From what I've gathered people generally like using shitty platforms.
They probably don't want to learn, so they won't try to learn how to use Lemmy or Kbin.
Pretty cringe given that they had to learn in order to pirate in the first place. I can't imagine being this lazy.
Yeah but most of them *haven't *learned - how to search, how to follow instructions, how to read, how to seed, how to install and adblocker, how not to get malware....
Well then they get what they get I suppose.
Many subs there have 1000x the users that the equivalent subs here do. That does make a difference.
It already has an established platform with so much information people won't switch becouse reddit already has all information they need
There's a sociological study that analyzes cultural change and acceptance of new ideas. It's called the technology adoption lifecycle. I still think we are in the early stages. I would consider reddit refugees as the early adopters.
Because people resent change.
Maybe they have some little niche communities they do not want to just abandon.
That is why I still use reddit - when you have a really niche hobby or interest and finally discover a community of people that you can share the joy of that interest with, that feels great - you do not want to lose that community that you have longed for for so long.
I am part of some niche communities that have an activity level and a user base that is hard to beat on reddit. I am doing my part here on Lemmy and created local c/dolls and c/denpasong communities on my home instance, but of course nobody is interested here on Lemmy. I am giving Lemmy some time of course, but I am afraid that I will stay lonely with my little communities here on Lemmy unfortunately.

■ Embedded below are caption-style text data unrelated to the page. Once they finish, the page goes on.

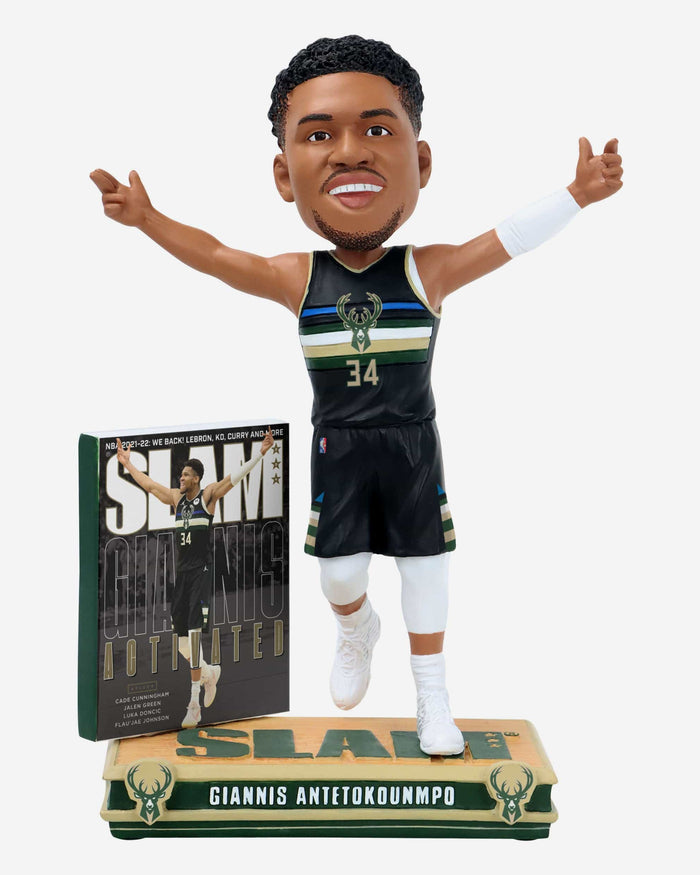 Giannis Antetokounmpo Milwaukee Bucks Activated Slam Magazine Cover Bobblehead FOCO - FOCO.com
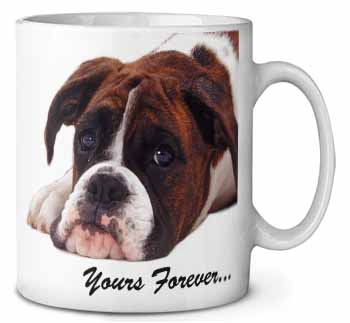 Boxer Dog "Yours Forever..." Ceramic Coffee Mug/Tea Cup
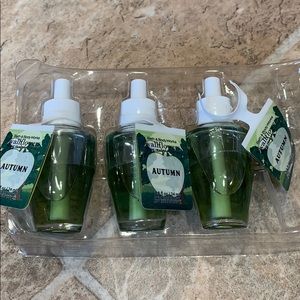 Bath and Body Works Autumn wallflower refill lot 3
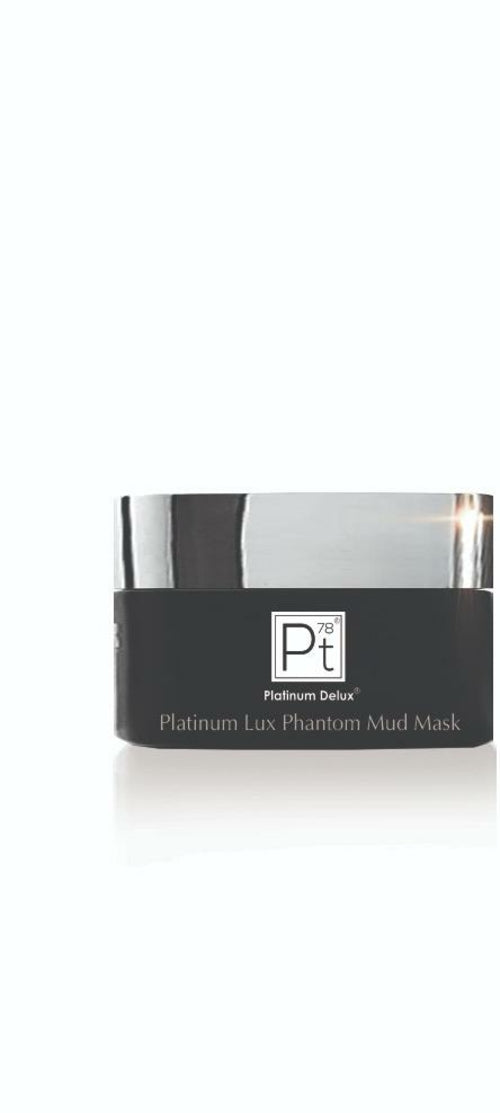 “Platinum Lux Phantom Mud Mask – Anti-Aging & Detoxifying Skincare with DMAE & Collagen”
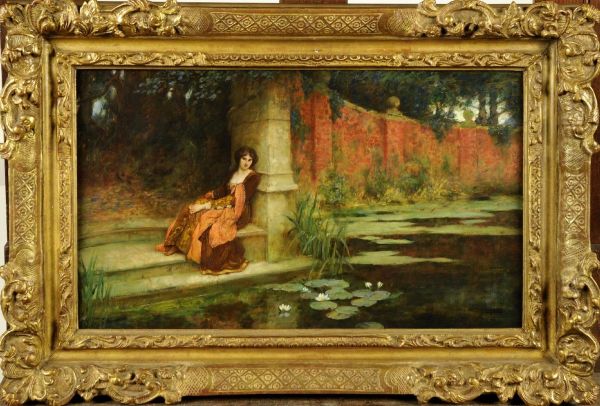 La Fille De La Maison Oil Painting by William A. Breakspeare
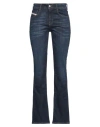 Diesel Woman Jeans Blue Size 30w-30l Cotton, Elastane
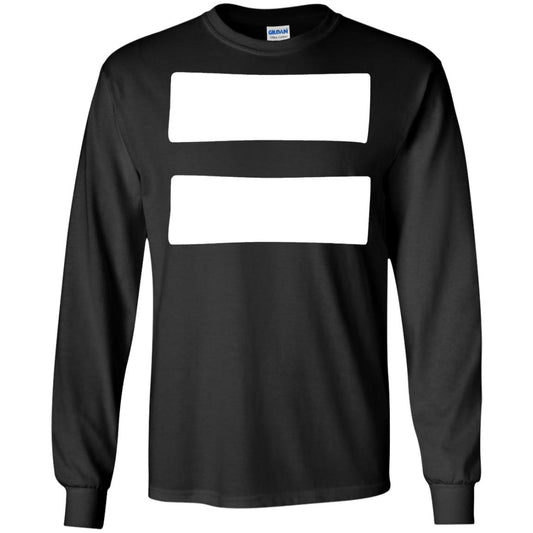 Equals Sign T-shirt Equality Symbol Feminism Black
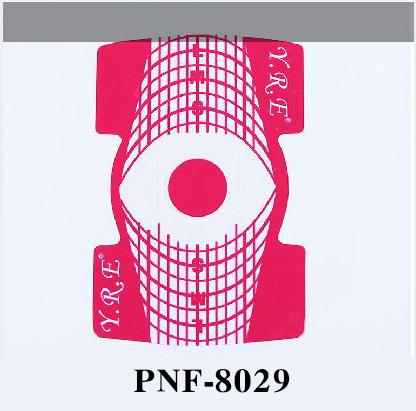 PNF-8029 1 Roll 500pcs Nail Form Tips Guide Extension Sticker For Acrylic UV Gel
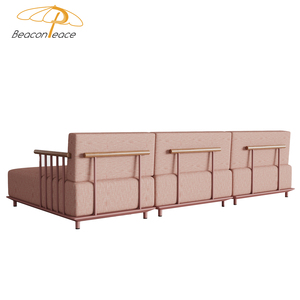 Mobilier d'extérieur moderne en <span class=keywords><strong>aluminium</strong></span> Canapés <span class=keywords><strong>de</strong></span> <span class=keywords><strong>jardin</strong></span> Transfert thermique en bois Couleur Resort 4 pièces Patio Sectionnel Lounge Sofa Set - Product Image 5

I also don't understand it. Didn't they always have problems there with Reddit deleting pinned threads and their wiki full of information, to the point where information had to be collected on an external page?
The communities i care about the most are ghosttowns on lemmy so I have to go to the subs
Or you could contribute (more) yourself to build them up.

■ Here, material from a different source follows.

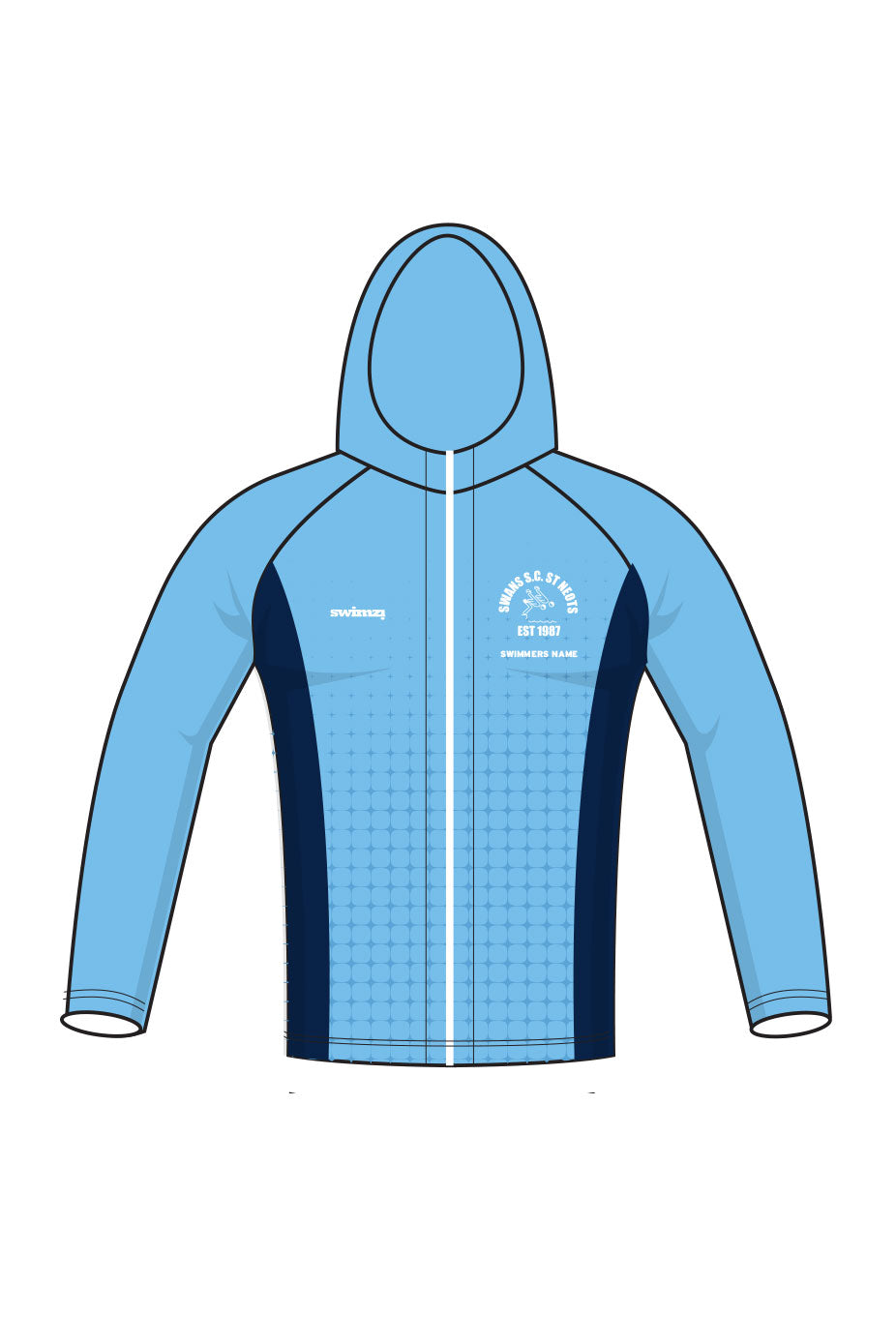 St Neots Swan SC Kids Unisex Zipped Performance Hoodie image 0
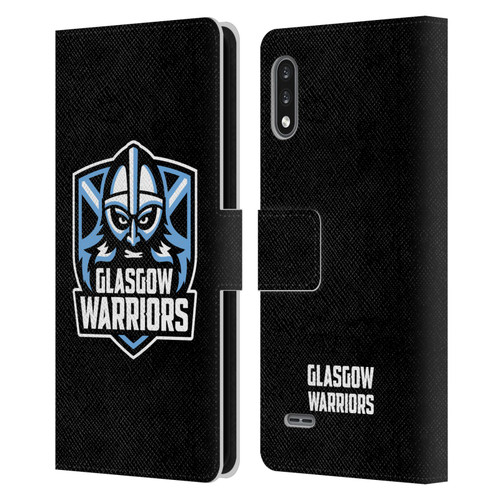 Glasgow Warriors Logo Plain Black Leather Book Wallet Case Cover For LG K22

Why wouldn't they want to stay? It works for them. Before ideology, before morality, before any other thing you can conceive of is plain, simple convenience. And Reddit is certainly convenient. Once enough users leave, they'll leave, too.
Because Lemmy isn’t as conveniently accessed, and it’s just slow.
It’s also confusing.
How do you even open the site on mobile without having to install the app? I keep getting an overlay. Can't we just post screenshots from now on and stop generating traffic on their site.